Is there any architectural difference in SOCKETS?

Thank you,


----------



## codeWarrior (Feb 13, 2011)

No... a socket is a socket is a socket when it comes to TCP... that's the nice thing about standards... 

Is your remote FreeBSD firewalled ?

Is your local Linux firewalled -- preventing outbound TCP connections ? 

Can you "ping" the remote FreeBSD from your local Linux box ? 

Does your socket script really work ? Can you use your socket script to connect to a listener on localhost ?


----------



## qsecofr (Feb 14, 2011)

> Can you "ping" the remote FreeBSD from your local Linux box ?


More specifically, on the FreeBSD host is there a listener on the same port you're attempting to connect to?


----------



## kpedersen (Feb 14, 2011)

codeWarrior said:
			
		

> No... a socket is a socket is a socket when it comes to TCP... that's the nice thing about standards...

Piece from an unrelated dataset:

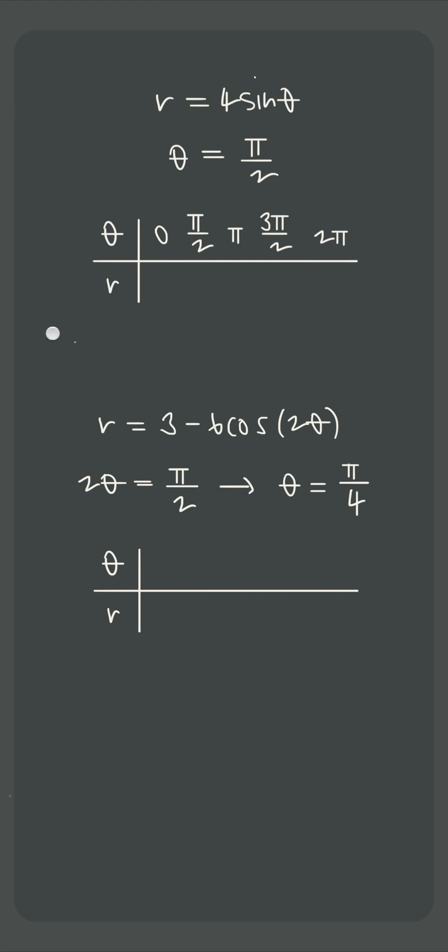And for this second curve, multiples of π/4 are 0, π/4, π/2, etc.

Or at least a socket is a socket once you call WSAStartup(...) on Windows too


----------



## rRchandraKmpati (Feb 15, 2011)

I don't know how to check the firewall in BSD, on other hand I am able to ping and do SSH to BSD system from Linux PC. By the way I am using I able to bind sockets from the same Linux box to Windows as well.


----------



## rRchandraKmpati (Feb 15, 2011)

codeWarrior said:
			
		

> No... a socket is a socket is a socket when it comes to TCP... that's the nice thing about standards...
> 
> Is your remote FreeBSD firewalled ?
> 
> ...



HI,
Thankyou I think the problem is solved...It is because of "Firewall", Thankyou sooo much


----------